Mark Lewis: "I’m sure the police will want to know what payments were made. Look, if there were cash payments, he would have had to have some explanation given to him as to what they related to. They might, of course, though nothing is proven against him, and there might be proper explanations for them, but I think those explanations will be requested, questions will be asked of him."
Parts of the United States have endured a record-level drought, leading to widespread crop losses and water shortages. The ongoing dryness has covered the largest amount of U.S. territory since the National Drought Mitigation Center began keeping records 12 years ago. Nearly 18 percent of the United States is experiencing exceptional or extreme drought, and experts say the problem is likely to get worse. Southern states, including South Carolina, Georgia, Florida, Louisiana and Texas, have been the hardest hit.

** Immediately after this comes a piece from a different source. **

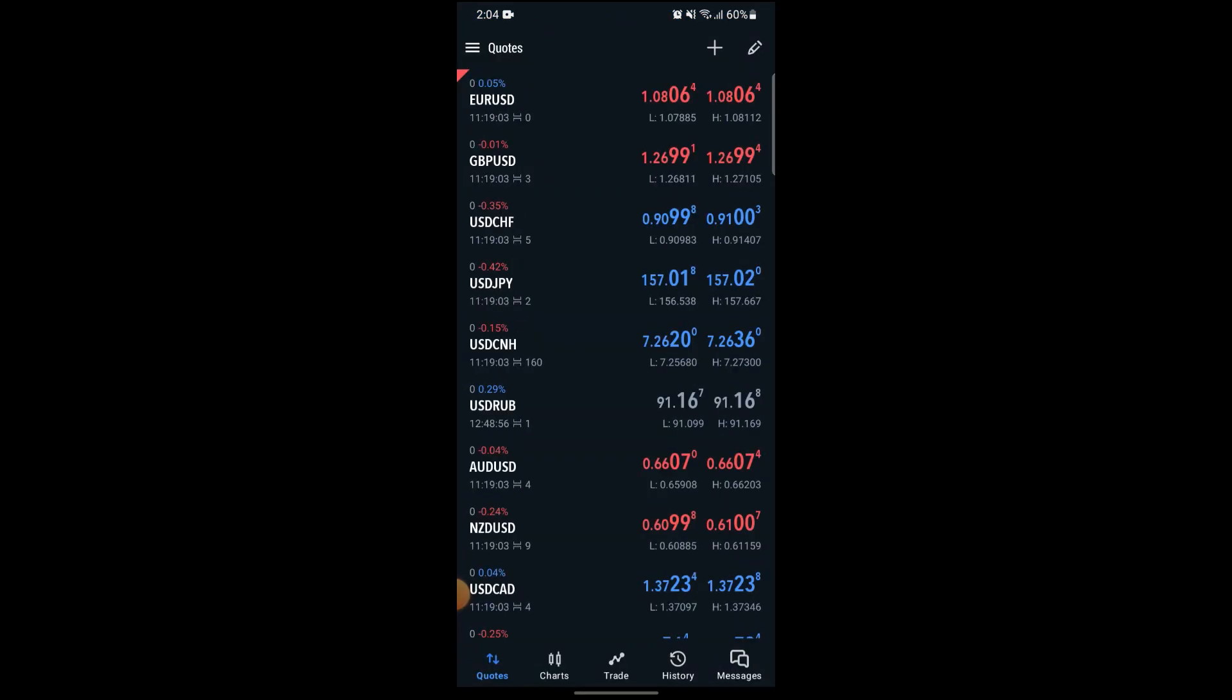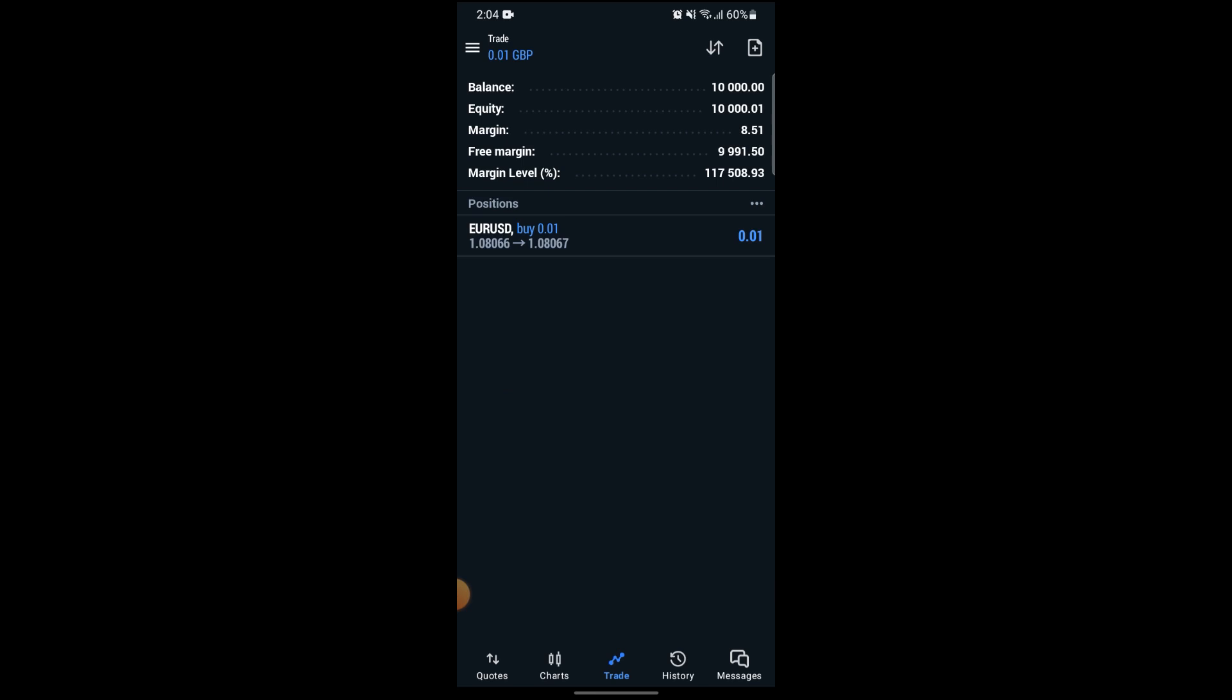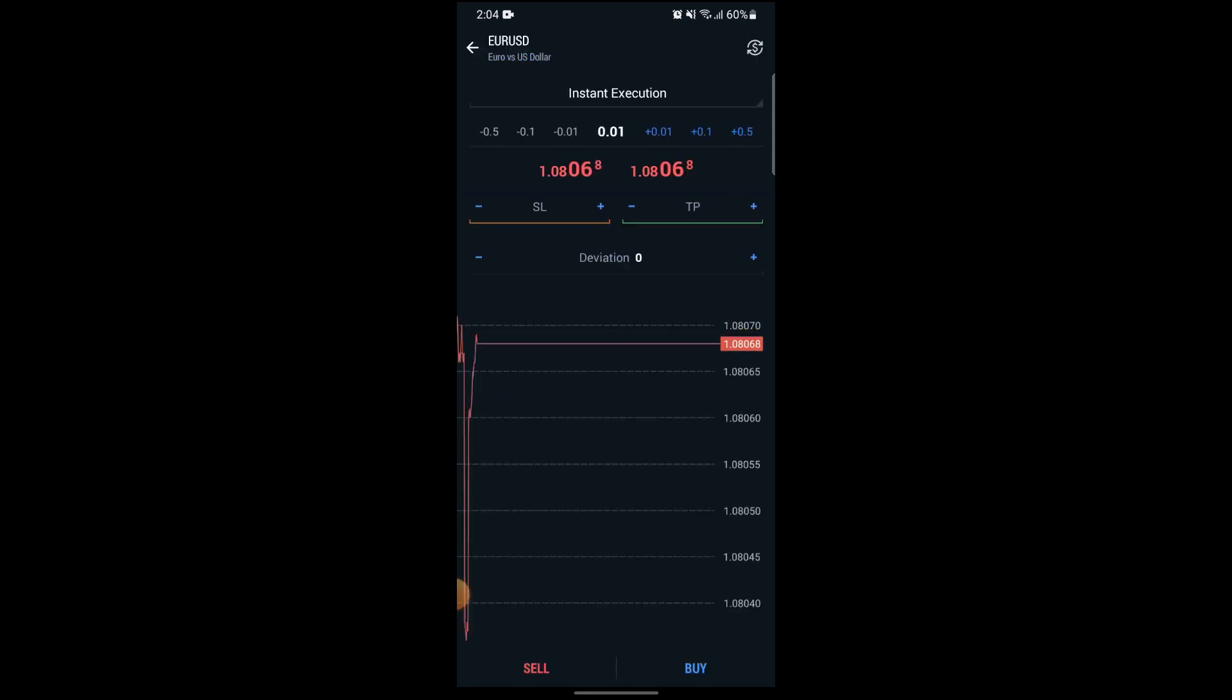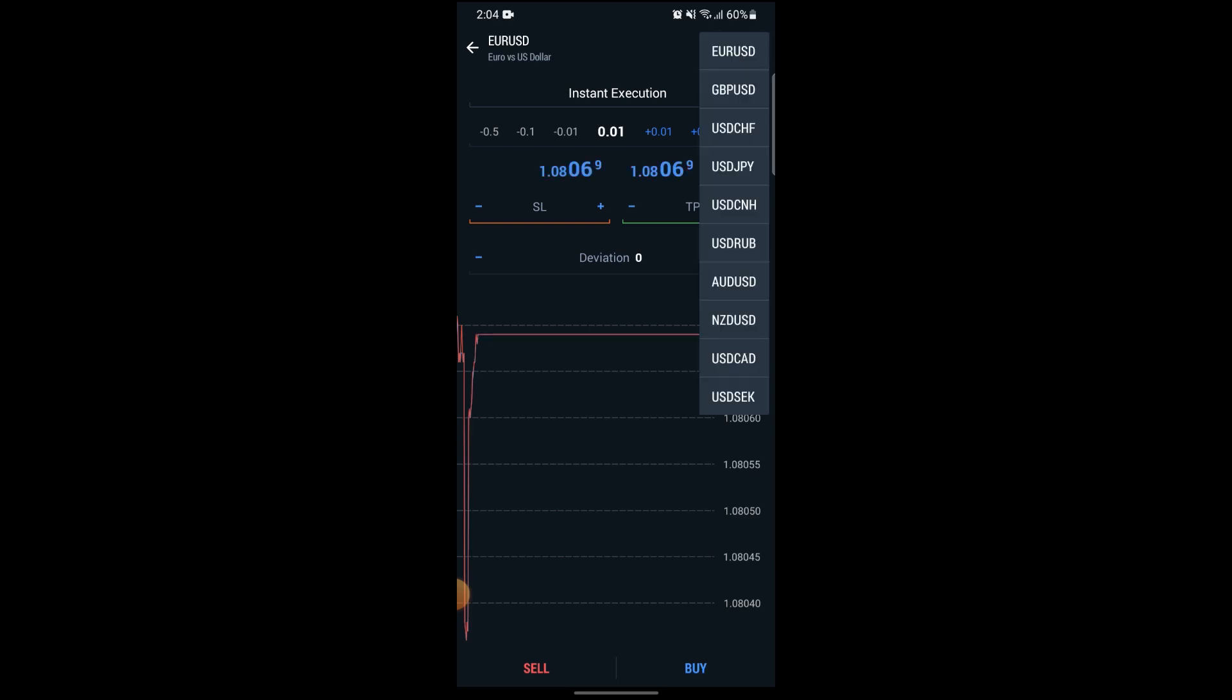After your app opens up, you will be on the quotes page and you can see the options with trade in the middle on the bottom of your screen. Go to trades and click on the top right icon on your screen, and after that, again click on the top right corner of your screen, the dollar icon.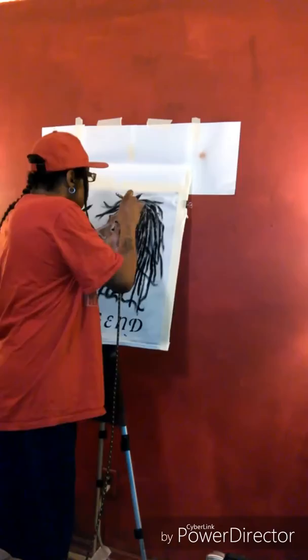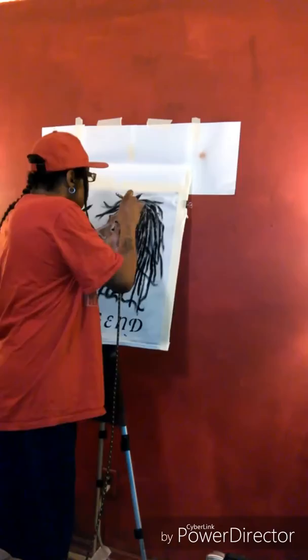Don't let my glad expression give you the wrong impression. Really, I'm sad.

A group of disabled veterans of the wars in Iraq and Afghanistan have reached a settlement in a class action lawsuit over the denial of medical care after being discharged for post-traumatic stress disorder. The U.S. government has agreed to grant the group of more than 1,000 former troops lifetime disability retirement benefits.
Congress has failed to resolve a budget impasse that has left thousands of Federal Aviation Administration employees out of work for nearly two weeks. The House and Senate began a five-week recess on Tuesday without coming to an agreement on FAA funding. The stalemate centers around money for rural airports, but Republicans have also attempted to alter rules on labor elections in the airline industry. Tens of thousands of construction workers have been forced to halt work on airport construction projects, and dozens of airport inspectors are working without pay. Although the stalemate could extend through Labor Day, the federal government insists passenger safety is not at risk.